→ Action item
Each line that contains the word "Hotel" is to be copied from the records below.

→ Records for the task

○ ○ ○ ○

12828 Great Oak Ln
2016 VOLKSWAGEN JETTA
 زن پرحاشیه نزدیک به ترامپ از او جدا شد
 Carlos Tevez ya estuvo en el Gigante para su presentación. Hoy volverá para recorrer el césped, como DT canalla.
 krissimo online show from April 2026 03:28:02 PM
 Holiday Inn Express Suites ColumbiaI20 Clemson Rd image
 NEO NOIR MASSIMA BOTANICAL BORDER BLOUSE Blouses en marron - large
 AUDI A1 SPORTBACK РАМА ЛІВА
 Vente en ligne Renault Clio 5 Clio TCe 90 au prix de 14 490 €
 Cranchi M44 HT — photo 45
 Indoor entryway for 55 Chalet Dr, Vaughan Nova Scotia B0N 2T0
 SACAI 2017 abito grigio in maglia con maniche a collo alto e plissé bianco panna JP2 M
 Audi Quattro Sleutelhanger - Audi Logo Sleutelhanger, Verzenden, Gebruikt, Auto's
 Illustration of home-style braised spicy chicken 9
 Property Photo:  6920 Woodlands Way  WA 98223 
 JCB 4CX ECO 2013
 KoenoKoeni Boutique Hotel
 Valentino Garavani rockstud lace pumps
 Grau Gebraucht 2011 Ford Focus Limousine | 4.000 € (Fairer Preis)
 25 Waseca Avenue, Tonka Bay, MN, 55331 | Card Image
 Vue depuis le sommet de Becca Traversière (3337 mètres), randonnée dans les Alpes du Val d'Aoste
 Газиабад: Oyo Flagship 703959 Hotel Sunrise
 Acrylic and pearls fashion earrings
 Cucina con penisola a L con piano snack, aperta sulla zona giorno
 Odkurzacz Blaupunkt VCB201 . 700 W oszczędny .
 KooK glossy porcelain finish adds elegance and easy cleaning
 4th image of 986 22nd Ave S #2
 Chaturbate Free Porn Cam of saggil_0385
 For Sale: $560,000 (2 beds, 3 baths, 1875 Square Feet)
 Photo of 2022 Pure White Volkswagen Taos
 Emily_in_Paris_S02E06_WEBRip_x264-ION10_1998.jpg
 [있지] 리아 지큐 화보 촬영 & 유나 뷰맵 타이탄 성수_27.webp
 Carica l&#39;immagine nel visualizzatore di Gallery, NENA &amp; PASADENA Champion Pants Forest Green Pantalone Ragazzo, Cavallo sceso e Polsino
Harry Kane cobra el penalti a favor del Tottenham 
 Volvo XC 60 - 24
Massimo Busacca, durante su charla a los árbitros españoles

○ ○ ○ ○

→ Problem solution
 KoenoKoeni Boutique Hotel
 Газиабад: Oyo Flagship 703959 Hotel Sunrise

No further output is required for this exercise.